Un chœur féminin finit par remplace les mâles envolées vocales. Lorsqu’il s’éteint, la flûte et le piano se réinstallent en première position, suivis par un très court pont de facture on ne peut plus classique. Avec un clin d’œil vers le premier titre Gaia de l’opus I. Et enfin, la totalité des instruments se déchaînent après cette longue et magnifique introduction de plus de six minutes.

En plein cœur de la tempête, on retrouve tous les ingrédients qui ont permis aux musiciens de gagner des légions de fans : musique captivante, multiplicité des sons par l’utilisation d’une kyrielle d’instruments, gros riffs, rythmique carrée, voix puissante, chœurs lyriques. La tête du headbanger se secoue sans qu’il ait à se forcer pendant que ses pieds battent la mesure et que ses doigts parcourent un manche imaginaire. Bref, et en un mot : Metal.

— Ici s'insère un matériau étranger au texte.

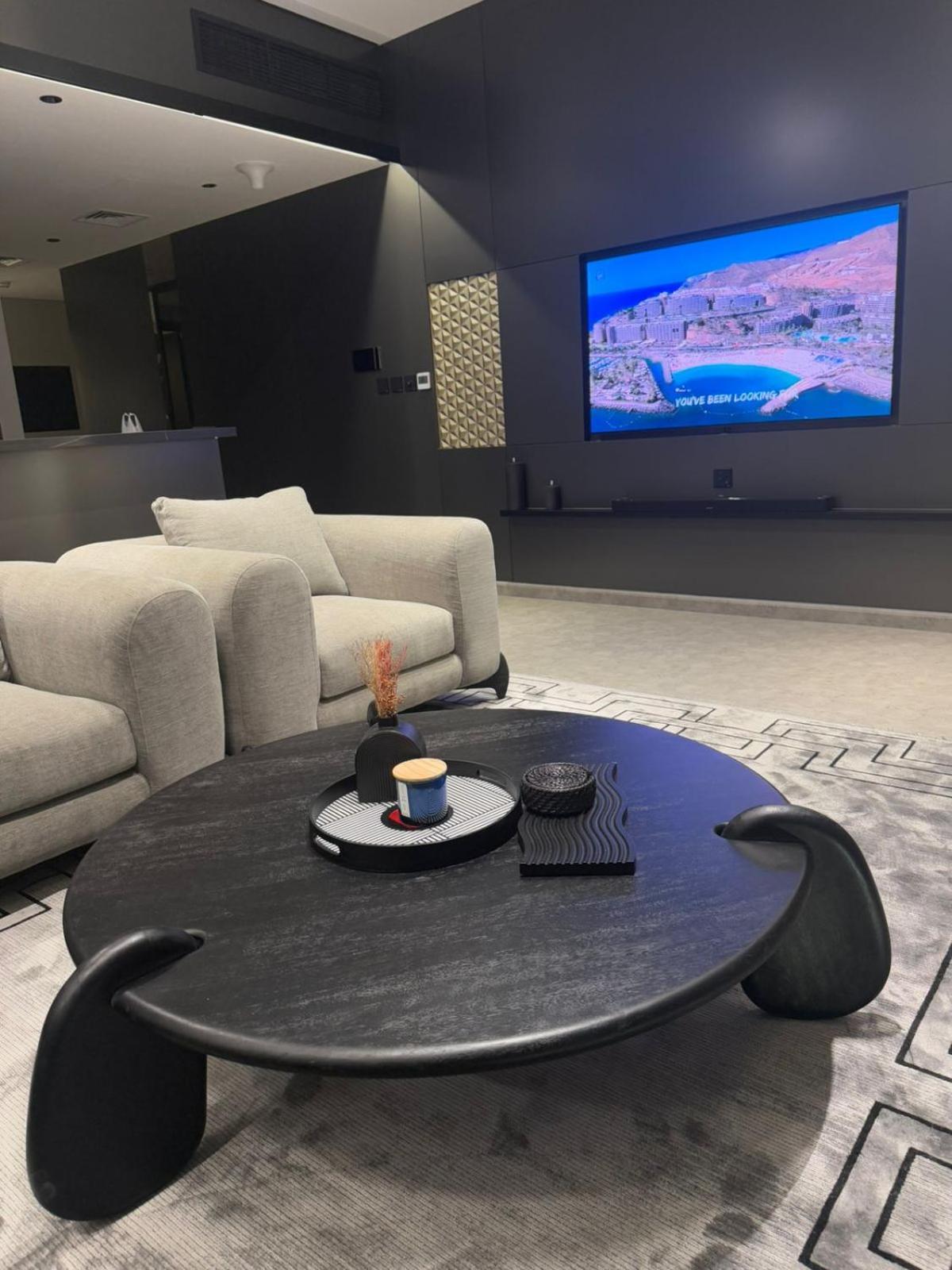 Luxury 2-bed Flat, Prime Location, Burj View & World Highest Running Track Dubaï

Passé la moitié du titre, c’est la flûte, épaulées d’un rythmique bien carrée, qui est mise à l’avant reprenant le thème mélodique principal, puis les guitares se déchaînent et c’est un son de cordes étouffées qui vient soutenir un clavier de style « Deep Purpulien » avant qu’un premier solo ne se déverse dans nos pavillons. S’ensuit un refrain très énergique qui laisse ensuite la place à une ritournelle folk dansante qui nous expédie dans un autre univers. Avant que ne retentissent à nouveau la mélodie principale, les guitares, le violon, la batterie et un son bien métallique. Un dernier baroud d’honneur avec un déchaînement de tous les instruments comme savent si bien le faire les MÄGO DE OZ. A moins d’être tétraplégique, impossible de rester de marbre devant un tel déferlement d’énergie.

Ce qui nous conduit vers le dernier quart de la pièce de résistance de l’album. On revient à un univers plus aseptisé, avec « voix off » soulignée par un piano léger. Et termine sur le son d’un cœur qui finit par arrêter de battre.

Bref, avant de pouvoir classer ce magnifique album aux côtés d’un FINISTERRA, il faudra laisser le temps faire son œuvre, mais ceci ne doit pas vous arrêter, GAIA III : ATLANTIA est un superbe album qui nous livre tous ce qu’on attend de la bande de Txus Di Fellatio, batteur et principal compositeur du groupe.

Si vous avez réussi à lire ceci jusqu’au bout, MÄGO DE OZ est pour vous.